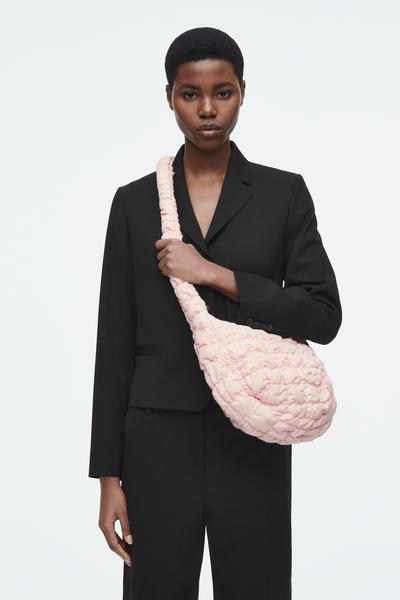 QUILTED MESSENGER キルトメッセンジャーバッグ ライトピンク｜COS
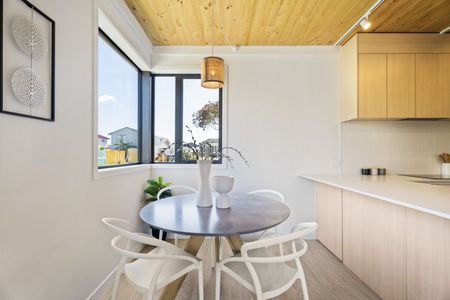 Brand New in Mount Albert! - Photo 2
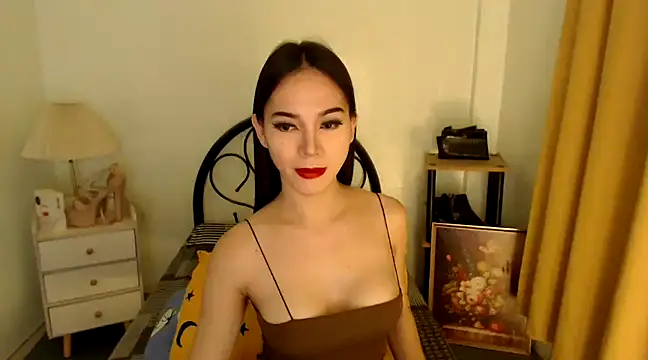 Snapshot of Yoshidashemale chatting on 02-06-25, 02:37 Yoshidashemale online show from 02-06-25, 02:37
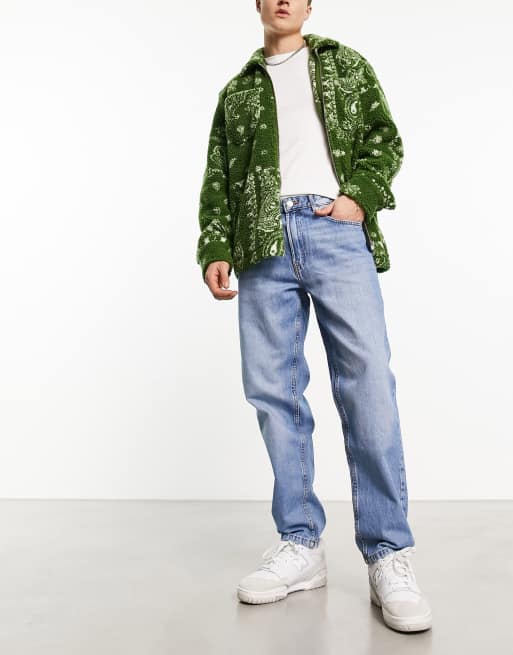 Bershka – Vintage-Jeans mit geradem Schnitt in Mittelblau 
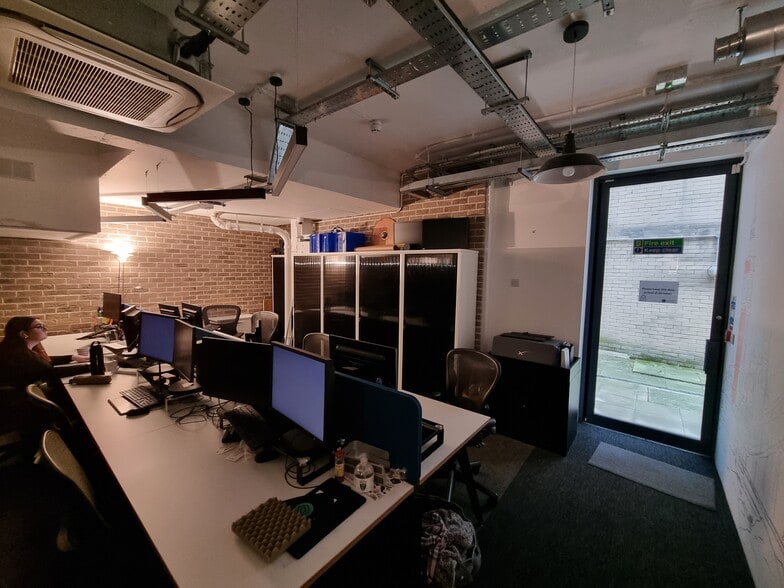 3-5 Vandon St, London for lease - Interior Photo - Image 3 of 5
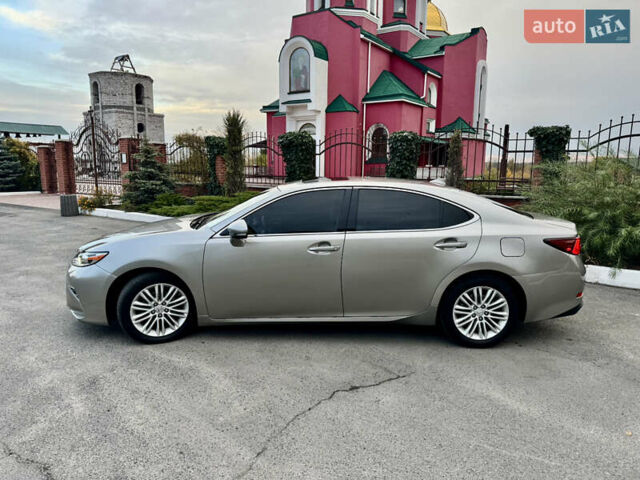 Лексус ЕС 2017 в Каменское - Днепродзержинск на Automoto.ua Лексус ЕС, объемом двигателя 3.46 л и пробегом 276 тыс. км за 18800 $, фото 4 на Automoto.ua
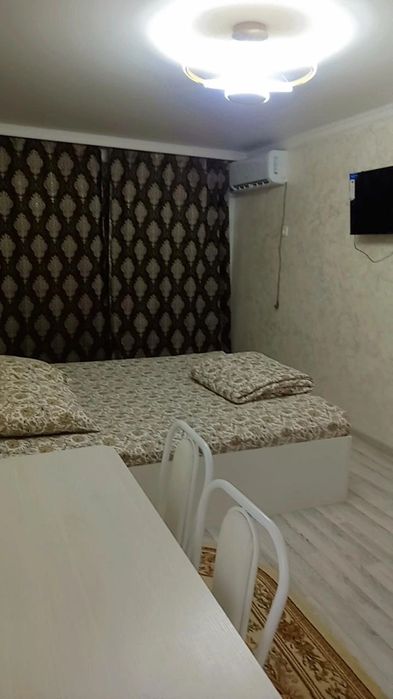 Люкс кв в универсаме. Час 2000.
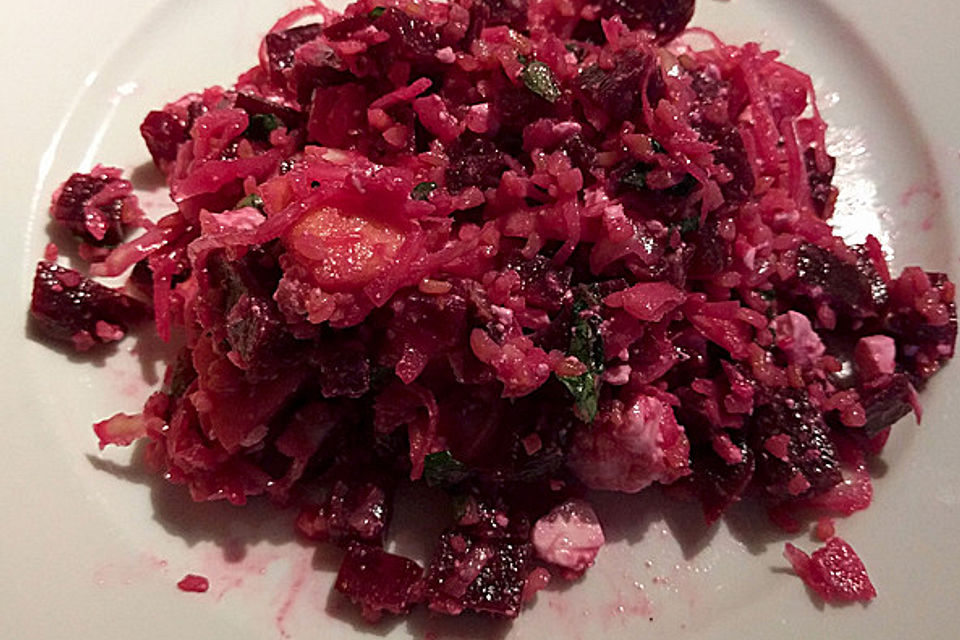 Rote-Bete-Apfel-Salat mit Bulgur, Feta und Minze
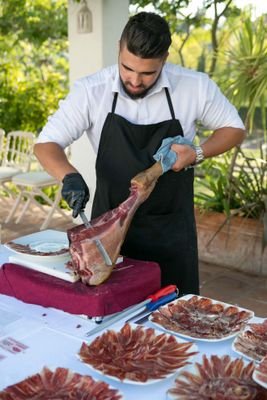 Ultramarinos Del Corte Al Jamóxn (Nueva Málaga).Jamones ibéricos, Quesos, Vinos, Conservas, Patés, Platos preparados, Delicatessen Malagueñas, Charcuteria...
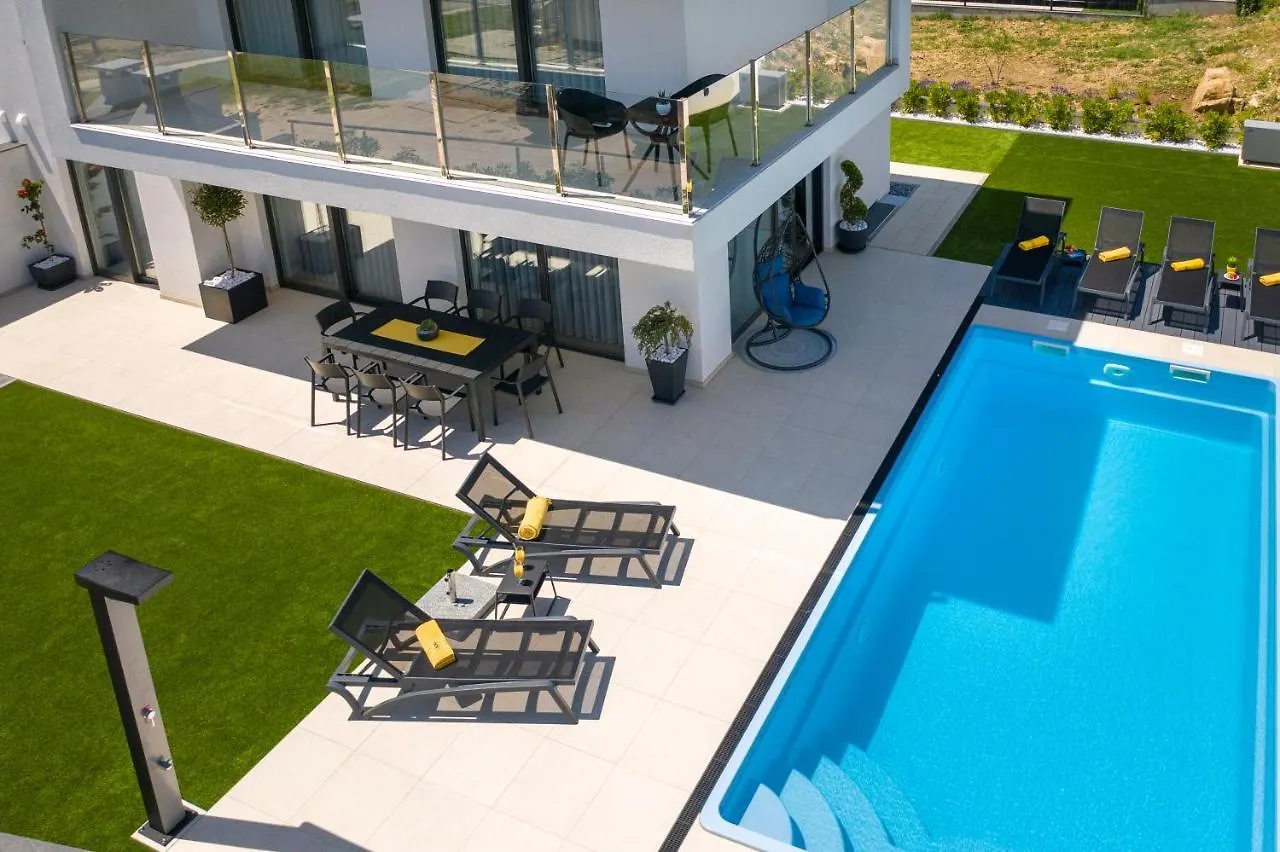 Villa Supernus II With Heated Pool Baska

***

* _TASK_: Retype the data above exactly. Leave the pictures out.

* _RESULT_:
 QUILTED MESSENGER キルトメッセンジャーバッグ ライトピンク｜COS
 Brand New in Mount Albert! - Photo 2
 Snapshot of Yoshidashemale chatting on 02-06-25, 02:37 Yoshidashemale online show from 02-06-25, 02:37
 Bershka – Vintage-Jeans mit geradem Schnitt in Mittelblau 
 3-5 Vandon St, London for lease - Interior Photo - Image 3 of 5
 Лексус ЕС 2017 в Каменское - Днепродзержинск на Automoto.ua Лексус ЕС, объемом двигателя 3.46 л и пробегом 276 тыс. км за 18800 $, фото 4 на Automoto.ua
 Люкс кв в универсаме. Час 2000.
 Rote-Bete-Apfel-Salat mit Bulgur, Feta und Minze
 Ultramarinos Del Corte Al Jamóxn (Nueva Málaga).Jamones ibéricos, Quesos, Vinos, Conservas, Patés, Platos preparados, Delicatessen Malagueñas, Charcuteria...
 Villa Supernus II With Heated Pool Baska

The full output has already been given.